** MATERIAL TO PROCESS follows **
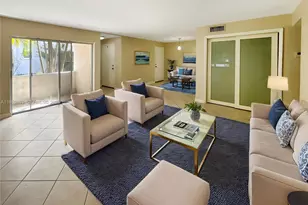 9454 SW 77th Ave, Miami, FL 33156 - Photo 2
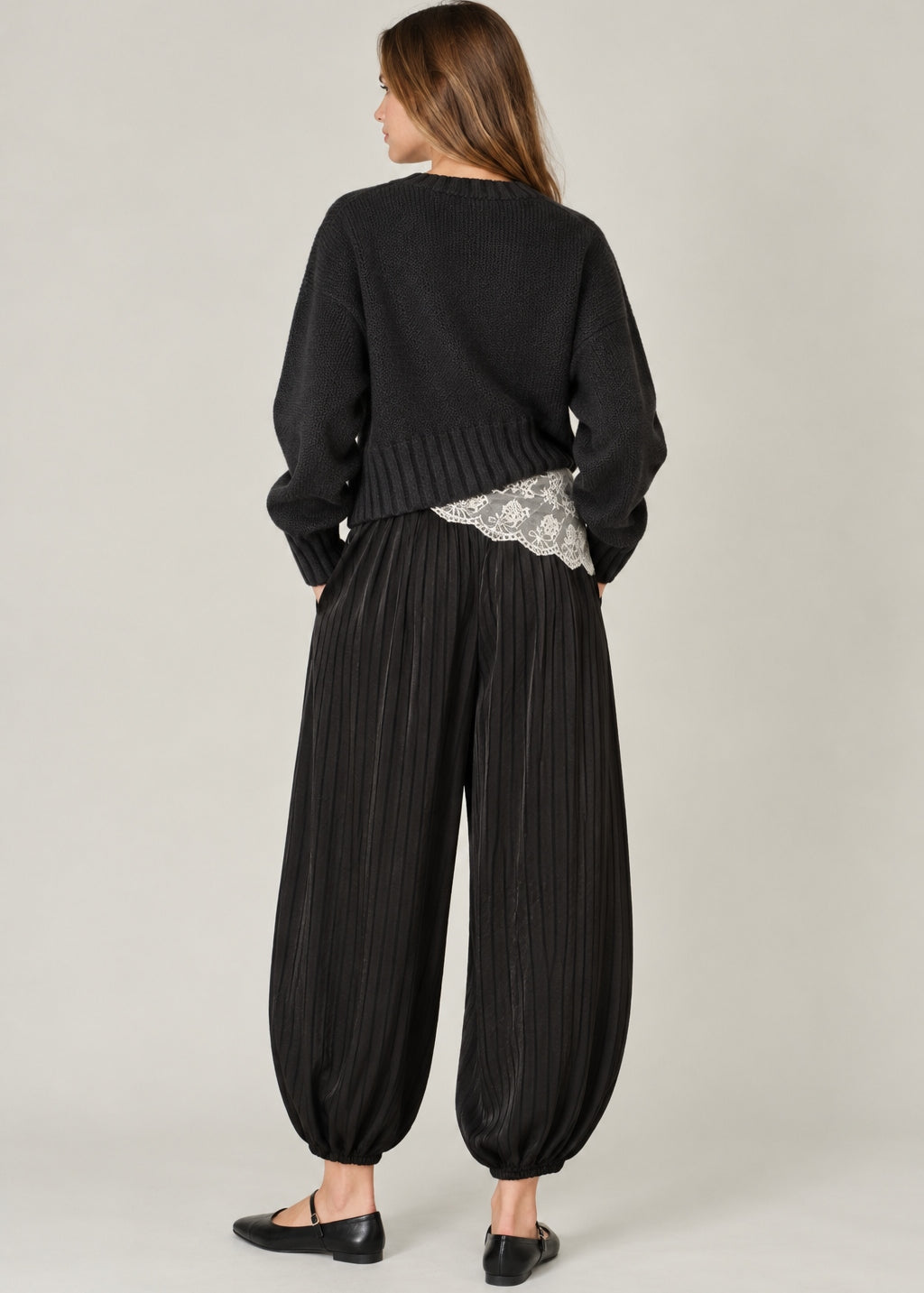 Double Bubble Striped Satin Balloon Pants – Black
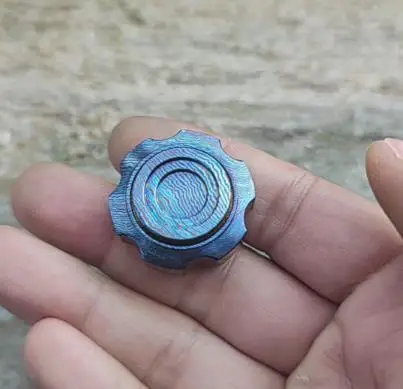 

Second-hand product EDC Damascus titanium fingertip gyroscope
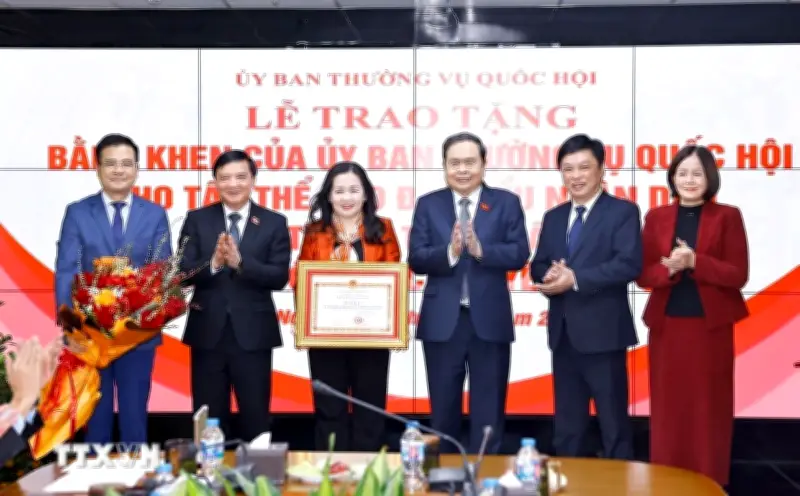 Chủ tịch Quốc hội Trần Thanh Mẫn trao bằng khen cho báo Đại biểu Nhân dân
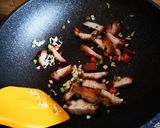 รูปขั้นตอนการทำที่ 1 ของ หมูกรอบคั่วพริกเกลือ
** End of MATERIAL TO PROCESS **
- **WHAT NEEDS TO BE DONE**
If a line holds an image, leave the image out; retype everything else in the entries exactly.

- **RESULT FOR THIS TASK**
 9454 SW 77th Ave, Miami, FL 33156 - Photo 2
 Double Bubble Striped Satin Balloon Pants – Black

Second-hand product EDC Damascus titanium fingertip gyroscope
 Chủ tịch Quốc hội Trần Thanh Mẫn trao bằng khen cho báo Đại biểu Nhân dân
 รูปขั้นตอนการทำที่ 1 ของ หมูกรอบคั่วพริกเกลือ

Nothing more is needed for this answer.